_Your assignment_
Extract the stretch of lines that starts at the line with "Explore tattoo ideas" and ends at the last line of the data below. Give it exactly, without pictures.

_Given data_
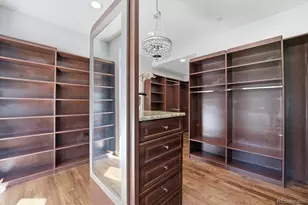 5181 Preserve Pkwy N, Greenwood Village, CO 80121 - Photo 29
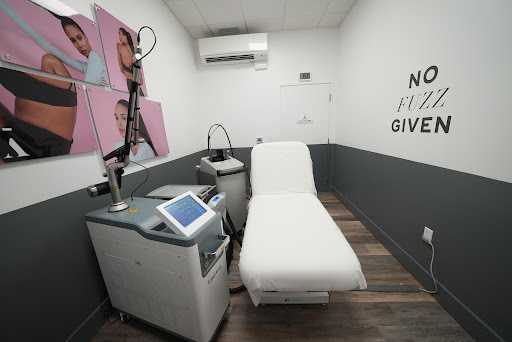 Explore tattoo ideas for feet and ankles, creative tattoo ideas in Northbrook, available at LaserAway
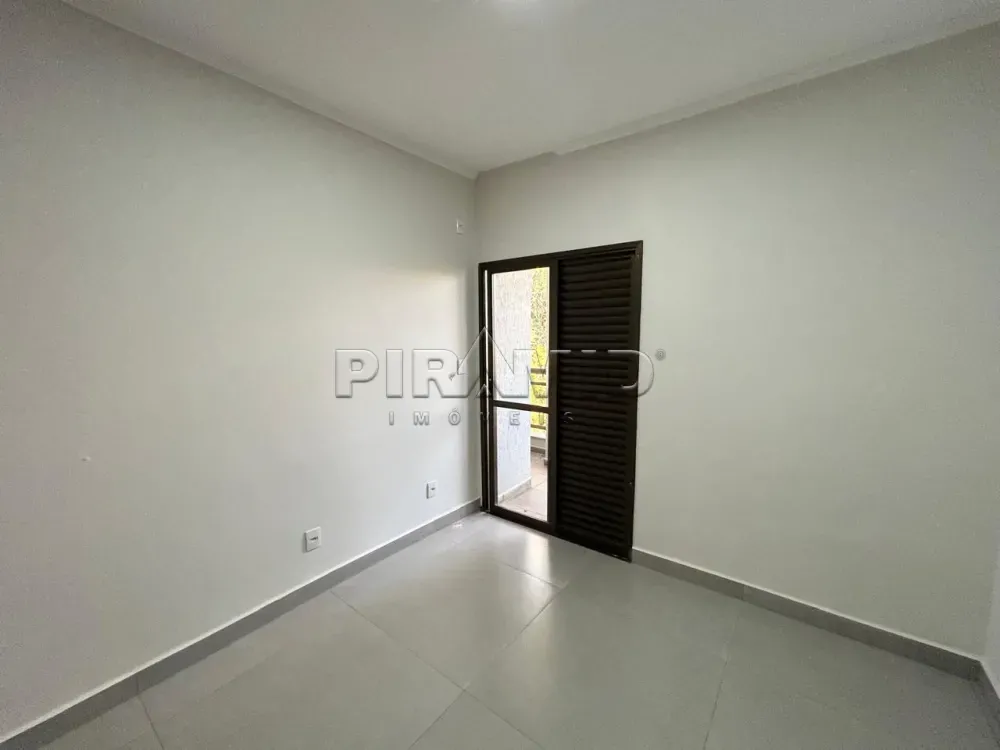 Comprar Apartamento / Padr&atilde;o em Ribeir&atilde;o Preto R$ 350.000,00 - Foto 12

_Solution to this exercise_
 Explore tattoo ideas for feet and ankles, creative tattoo ideas in Northbrook, available at LaserAway
 Comprar Apartamento / Padr&atilde;o em Ribeir&atilde;o Preto R$ 350.000,00 - Foto 12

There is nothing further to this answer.